# Two Tivo Mini Units for Auction 92000 and 93000 with lifetime



## Hamstring (Feb 13, 2007)

Two Tivo Mini Units both with lifetime. Models TCDA 92000 and TCDA 93000 | eBay


----------



## NatasNJ (Jan 7, 2002)

How much do you want off ebay for the 93000? Does it have Hydra or Tivo Software 3?


----------



## Hamstring (Feb 13, 2007)

I’d rather sell them both together. I haven’t used it for a couple years probably old software.


----------



## NatasNJ (Jan 7, 2002)

How much for both?


----------



## Pokemon_Dad (Jan 19, 2008)

NatasNJ said:


> How much do you want off ebay for the 93000? Does it have Hydra or Tivo Software 3?


I have bought old 93000 units and rolled them back to TE3 to match my DVR. A year or two ago there was bug that stopped some people from doing that, but I think they fixed it in a 2019 update.

The seller will need to contact TiVo to release the unit(s) from their account and get a code number for you. You will use that number to transfer it onto your account.


----------



## Hamstring (Feb 13, 2007)

100 bucks. They are both updated. I checked and they both connected to everything.


----------



## lhvetinari (Jun 24, 2019)

Pokemon_Dad said:


> I have bought old 93000 units and rolled them back to TE3 to match my DVR. A year or two ago there was bug that stopped some people from doing that, but I think they fixed it in a 2019 update.
> 
> The seller will need to contact TiVo to release the unit(s) from their account and get a code number for you.

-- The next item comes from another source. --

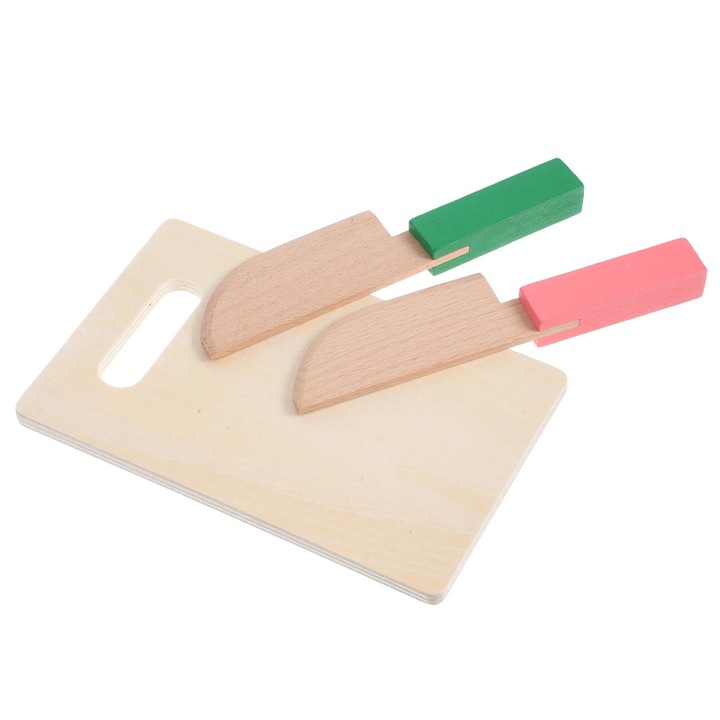 Set jucarie taietor lemn YANYXR multicolor 17x11x1cm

You will use that number to transfer it onto your account.


There's a new bug now for the past month or so that blocks all 92 and 93 minis from downgrading, yet again.


----------



## Pokemon_Dad (Jan 19, 2008)

lhvetinari said:


> There's a new bug now for the past month or so that blocks all 92 and 93 minis from downgrading, yet again.

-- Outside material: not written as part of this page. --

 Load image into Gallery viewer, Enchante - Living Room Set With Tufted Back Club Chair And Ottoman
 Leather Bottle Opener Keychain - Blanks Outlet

Hoo boy. You see that @NatasNJ?


----------



## NatasNJ (Jan 7, 2002)

Thanks. @Pokemon_Dad i may be buying two from another member. Will find out if theirs has the older software.


----------



## lillevig (Dec 7, 2010)

For what it's worth, the bug appears to also prevent the A93 from upgrading to TE4 which is the only thing that my recently acquired Bolt OTA will run.


----------